Сквозь деревья едва проглядывал противоположный берег реки, но утренний туман не позволял ничего рассмотреть. Оттуда, с востока поднималось солнце. Палатка покрылась сверху росой, но на просушку времени не было и пришлось её скатывать в таком отсыревшем виде. «В следующий раз надо будет ставить её так, – подумал я, – чтобы утреннее солнце успело ее подсушить».
В десятом часу мы спустились с холма, погрузили рюкзак в машину и выехали на шоссе.
По местной легенде, холм этот будто бы насыпали наполеоновские солдаты. Землю приносили в своих шапках, касках, киверах, а Наполеон, подъехав к реке и окинув взором пустынный, заросший кустарником противоположный берег, сказал: «Здесь мы имеем шанс переправиться через Неман и взять Ковну». Как известно, западные берега рек выше восточных, но в данном месте, в излучине реки, берега были одинаково пологими и весьма удобными для наведения мостов, переброски войск, артиллерии и многочисленных обозов. А по поводу насыпного холма – это, скорее, красивая выдумка.

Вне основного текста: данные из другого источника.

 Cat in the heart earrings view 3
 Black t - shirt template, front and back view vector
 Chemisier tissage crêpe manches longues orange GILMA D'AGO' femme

Именно здесь, по трём наведенным мостам, переправилось, в общей сложности, 218 тысяч солдат (три пехотных и два кавалерийских корпуса) и 527 орудий. Это примерно треть Великой армии. Одна треть была оставлена в Европе, а еще треть, разделенная на более мелкие части, переправилась через Неман выше и ниже по течению.
На противоположном, таком же зелёном берегу стоят теперь дома. Ближе к реке – одноэтажные, дальше – новые многоэтажные микрорайоны. А названия на карте хранят память минувших лет: улица «Французов», район «Шанцы».
Майор встретил нас по дороге и сел в машину.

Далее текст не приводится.